• [Exercise objective] Go through the data line by line. Copy each one holding the string "White".

Segment Start: Records to process

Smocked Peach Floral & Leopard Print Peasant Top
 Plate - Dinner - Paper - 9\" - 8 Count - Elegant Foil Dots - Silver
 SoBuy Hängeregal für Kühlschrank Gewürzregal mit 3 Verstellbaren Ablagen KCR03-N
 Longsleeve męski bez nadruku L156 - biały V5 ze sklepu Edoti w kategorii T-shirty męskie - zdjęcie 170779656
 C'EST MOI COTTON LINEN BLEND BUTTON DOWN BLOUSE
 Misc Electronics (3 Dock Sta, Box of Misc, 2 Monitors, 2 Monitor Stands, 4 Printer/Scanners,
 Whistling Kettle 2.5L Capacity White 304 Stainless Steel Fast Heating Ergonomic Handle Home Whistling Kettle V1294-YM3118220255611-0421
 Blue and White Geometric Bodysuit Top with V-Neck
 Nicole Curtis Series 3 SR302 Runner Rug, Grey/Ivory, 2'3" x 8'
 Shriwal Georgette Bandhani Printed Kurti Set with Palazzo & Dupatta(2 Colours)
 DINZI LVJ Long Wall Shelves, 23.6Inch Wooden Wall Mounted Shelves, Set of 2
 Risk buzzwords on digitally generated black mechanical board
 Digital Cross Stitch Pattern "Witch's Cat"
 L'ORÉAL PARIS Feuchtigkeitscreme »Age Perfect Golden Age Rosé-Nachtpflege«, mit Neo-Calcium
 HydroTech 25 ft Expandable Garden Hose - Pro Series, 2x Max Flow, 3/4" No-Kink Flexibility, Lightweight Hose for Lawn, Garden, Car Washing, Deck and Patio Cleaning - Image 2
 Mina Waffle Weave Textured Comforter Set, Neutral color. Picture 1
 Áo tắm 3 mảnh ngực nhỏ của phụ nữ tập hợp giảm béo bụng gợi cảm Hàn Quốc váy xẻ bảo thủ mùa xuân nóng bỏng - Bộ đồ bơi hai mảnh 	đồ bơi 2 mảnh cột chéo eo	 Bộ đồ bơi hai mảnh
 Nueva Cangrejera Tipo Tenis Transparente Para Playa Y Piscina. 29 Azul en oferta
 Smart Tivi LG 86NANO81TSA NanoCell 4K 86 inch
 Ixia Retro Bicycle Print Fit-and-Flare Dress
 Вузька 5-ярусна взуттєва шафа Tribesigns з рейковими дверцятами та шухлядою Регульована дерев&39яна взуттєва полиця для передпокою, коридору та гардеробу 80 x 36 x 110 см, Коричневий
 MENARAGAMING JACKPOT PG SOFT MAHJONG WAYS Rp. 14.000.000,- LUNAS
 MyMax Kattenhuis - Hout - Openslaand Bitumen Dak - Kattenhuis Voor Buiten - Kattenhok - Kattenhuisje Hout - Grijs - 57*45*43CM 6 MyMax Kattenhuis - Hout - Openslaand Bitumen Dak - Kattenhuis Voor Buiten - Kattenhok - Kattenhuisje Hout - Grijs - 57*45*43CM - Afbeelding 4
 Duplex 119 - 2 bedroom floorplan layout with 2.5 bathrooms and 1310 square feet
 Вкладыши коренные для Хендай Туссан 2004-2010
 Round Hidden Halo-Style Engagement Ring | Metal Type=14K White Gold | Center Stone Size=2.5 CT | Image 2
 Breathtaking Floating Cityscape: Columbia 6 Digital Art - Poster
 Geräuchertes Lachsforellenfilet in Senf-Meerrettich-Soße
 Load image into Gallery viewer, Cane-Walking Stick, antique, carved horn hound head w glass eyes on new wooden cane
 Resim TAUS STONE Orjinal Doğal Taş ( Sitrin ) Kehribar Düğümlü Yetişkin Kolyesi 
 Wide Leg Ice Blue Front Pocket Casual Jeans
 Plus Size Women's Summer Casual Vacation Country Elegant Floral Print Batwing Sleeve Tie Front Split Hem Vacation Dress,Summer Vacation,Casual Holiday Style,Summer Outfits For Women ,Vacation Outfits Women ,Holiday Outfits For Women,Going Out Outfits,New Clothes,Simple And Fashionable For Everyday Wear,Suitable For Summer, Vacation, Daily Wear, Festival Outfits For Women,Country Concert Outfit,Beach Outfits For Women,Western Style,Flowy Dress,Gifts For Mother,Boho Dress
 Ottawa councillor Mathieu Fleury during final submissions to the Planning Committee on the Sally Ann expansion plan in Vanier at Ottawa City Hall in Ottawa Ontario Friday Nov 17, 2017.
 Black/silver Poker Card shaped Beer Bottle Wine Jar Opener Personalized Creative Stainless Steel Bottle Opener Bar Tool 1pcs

Segment End: Records to process

• [Exercise output]
 Whistling Kettle 2.5L Capacity White 304 Stainless Steel Fast Heating Ergonomic Handle Home Whistling Kettle V1294-YM3118220255611-0421
 Blue and White Geometric Bodysuit Top with V-Neck
 Round Hidden Halo-Style Engagement Ring | Metal Type=14K White Gold | Center Stone Size=2.5 CT | Image 2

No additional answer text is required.